0

I am trying to have multiple snowfall threads write to the same file using write.table(). In a small number of cases, the rows are broken, i.e I observed that it looks like multiple rows mixed up, which I presume is when two threads try to write to the same file at the same time.

An example is :

require(snowfall)
sfInit(parallel = TRUE, cpus = 16)
sfLapply(1:10000,function(x){
mytable = data.frame(a = c(1,2,3),b = c(4,5,6))
write.table(mytable,"mytable.csv",sep = ',',append = T,col.names = F)
})

is there a way to ensure that only one thread writes to the file at a time, in essence a thread locks the file, writes to it and then releases the lock?

jackStinger
  • 2,035
  • 5
  • 23
  • 36
  • Do you actually need to write the table on the workers?

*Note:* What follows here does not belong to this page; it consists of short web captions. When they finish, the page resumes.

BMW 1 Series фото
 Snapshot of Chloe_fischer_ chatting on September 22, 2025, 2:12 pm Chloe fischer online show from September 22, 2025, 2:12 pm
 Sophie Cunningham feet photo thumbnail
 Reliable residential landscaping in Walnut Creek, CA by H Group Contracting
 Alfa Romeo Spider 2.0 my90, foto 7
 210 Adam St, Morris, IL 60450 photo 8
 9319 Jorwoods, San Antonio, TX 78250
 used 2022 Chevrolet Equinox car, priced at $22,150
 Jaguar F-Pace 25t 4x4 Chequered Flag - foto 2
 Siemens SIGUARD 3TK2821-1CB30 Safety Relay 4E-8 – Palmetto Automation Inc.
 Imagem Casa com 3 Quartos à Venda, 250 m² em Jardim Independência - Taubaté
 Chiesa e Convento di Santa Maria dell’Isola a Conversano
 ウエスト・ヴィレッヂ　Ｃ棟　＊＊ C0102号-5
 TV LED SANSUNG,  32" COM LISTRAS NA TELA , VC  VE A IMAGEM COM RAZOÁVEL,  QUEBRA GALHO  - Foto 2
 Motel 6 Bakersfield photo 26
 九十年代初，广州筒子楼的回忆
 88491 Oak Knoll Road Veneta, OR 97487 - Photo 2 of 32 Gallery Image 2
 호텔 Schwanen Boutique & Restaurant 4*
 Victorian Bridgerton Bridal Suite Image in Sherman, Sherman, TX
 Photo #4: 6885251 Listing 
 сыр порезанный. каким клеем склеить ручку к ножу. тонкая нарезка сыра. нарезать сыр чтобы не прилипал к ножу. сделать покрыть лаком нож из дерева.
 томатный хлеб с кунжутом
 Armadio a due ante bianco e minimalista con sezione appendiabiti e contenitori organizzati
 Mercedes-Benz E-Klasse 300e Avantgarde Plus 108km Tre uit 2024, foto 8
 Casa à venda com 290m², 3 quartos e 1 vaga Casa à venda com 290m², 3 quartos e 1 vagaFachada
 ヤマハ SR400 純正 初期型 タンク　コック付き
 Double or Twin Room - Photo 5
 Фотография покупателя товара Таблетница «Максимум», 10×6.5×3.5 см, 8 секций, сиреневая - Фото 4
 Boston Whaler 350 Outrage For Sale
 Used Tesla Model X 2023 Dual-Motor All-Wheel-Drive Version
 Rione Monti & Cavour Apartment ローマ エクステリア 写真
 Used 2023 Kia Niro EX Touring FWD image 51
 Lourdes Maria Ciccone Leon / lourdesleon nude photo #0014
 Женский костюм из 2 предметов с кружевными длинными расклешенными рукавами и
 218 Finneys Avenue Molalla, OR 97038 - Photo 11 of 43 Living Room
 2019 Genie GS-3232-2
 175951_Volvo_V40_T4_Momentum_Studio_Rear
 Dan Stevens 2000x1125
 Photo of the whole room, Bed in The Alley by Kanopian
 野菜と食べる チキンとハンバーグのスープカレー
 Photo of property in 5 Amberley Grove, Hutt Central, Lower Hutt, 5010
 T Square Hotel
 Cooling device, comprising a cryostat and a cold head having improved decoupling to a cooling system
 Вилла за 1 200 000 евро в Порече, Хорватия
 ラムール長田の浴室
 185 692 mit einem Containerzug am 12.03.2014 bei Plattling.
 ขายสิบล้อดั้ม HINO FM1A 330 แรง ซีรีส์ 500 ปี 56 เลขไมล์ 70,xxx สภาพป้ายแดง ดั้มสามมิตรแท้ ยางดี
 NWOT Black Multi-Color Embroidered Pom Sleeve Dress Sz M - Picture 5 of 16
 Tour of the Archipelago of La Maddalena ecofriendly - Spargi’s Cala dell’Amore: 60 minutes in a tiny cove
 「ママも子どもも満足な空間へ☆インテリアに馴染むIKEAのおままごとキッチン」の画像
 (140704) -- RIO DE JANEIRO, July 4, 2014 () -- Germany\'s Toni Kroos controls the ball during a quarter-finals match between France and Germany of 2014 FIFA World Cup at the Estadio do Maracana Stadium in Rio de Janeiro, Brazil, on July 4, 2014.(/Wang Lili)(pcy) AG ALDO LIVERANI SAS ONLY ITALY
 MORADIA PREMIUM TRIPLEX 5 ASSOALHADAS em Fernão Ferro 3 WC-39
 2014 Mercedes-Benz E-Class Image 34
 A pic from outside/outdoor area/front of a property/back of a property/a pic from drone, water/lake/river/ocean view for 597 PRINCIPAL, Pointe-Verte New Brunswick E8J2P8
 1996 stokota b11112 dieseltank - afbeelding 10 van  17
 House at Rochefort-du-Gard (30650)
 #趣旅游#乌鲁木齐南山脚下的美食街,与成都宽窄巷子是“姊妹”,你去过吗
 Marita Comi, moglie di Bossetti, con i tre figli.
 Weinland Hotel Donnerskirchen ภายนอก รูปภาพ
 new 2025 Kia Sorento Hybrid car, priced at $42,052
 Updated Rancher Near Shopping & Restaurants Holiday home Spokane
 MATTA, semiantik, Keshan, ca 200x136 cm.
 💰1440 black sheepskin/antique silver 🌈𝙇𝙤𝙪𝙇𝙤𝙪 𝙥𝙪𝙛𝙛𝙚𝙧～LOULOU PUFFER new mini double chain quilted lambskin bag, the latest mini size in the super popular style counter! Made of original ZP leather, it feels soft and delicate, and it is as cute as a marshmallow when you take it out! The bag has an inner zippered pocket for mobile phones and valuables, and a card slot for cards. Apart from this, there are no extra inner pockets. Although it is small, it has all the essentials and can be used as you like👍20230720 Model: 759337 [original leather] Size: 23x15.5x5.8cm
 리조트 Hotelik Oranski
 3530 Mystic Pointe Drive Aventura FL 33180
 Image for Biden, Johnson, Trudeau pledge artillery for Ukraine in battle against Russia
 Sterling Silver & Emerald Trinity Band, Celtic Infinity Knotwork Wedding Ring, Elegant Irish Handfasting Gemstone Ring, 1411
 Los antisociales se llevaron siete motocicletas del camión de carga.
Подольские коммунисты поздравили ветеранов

If the csv contains the results of the calculation, it would be much faster to return it as a list and then write the list in the main script. – Buggy Dec 01 '15 at 10:07
  • Yep, I would. The actual input is a list of file names (approx 500, size upto 50 GB total, and the total output file size is approx 3.5 GB). I read each file in, and based on some analysis, write different parts to different files. This will further need to scale out, hence this. – jackStinger Dec 01 '15 at 10:22
  • It seems like you are out of luck. You can write separate files and then join them later like this post here suggests: http://stackoverflow.com/questions/20425071/lock-file-when-writing-to-it-from-parallel-processes-in-r – Buggy Dec 01 '15 at 10:46
  • The `batch` package has some function called mergecsv which deals with merging parallel csv results. https://cran.r-project.org/web/packages/batch/index.html – Buggy Dec 01 '15 at 10:54
  • So that is exactly what I've been thinking about- use `x = system("mkdir abc.lock",ignore.stderr = T)` and remove the lock folder after writing to the file, or appending `x = system("echo $$",intern = T)` to the file name. – jackStinger Dec 01 '15 at 10:57

0 Answers0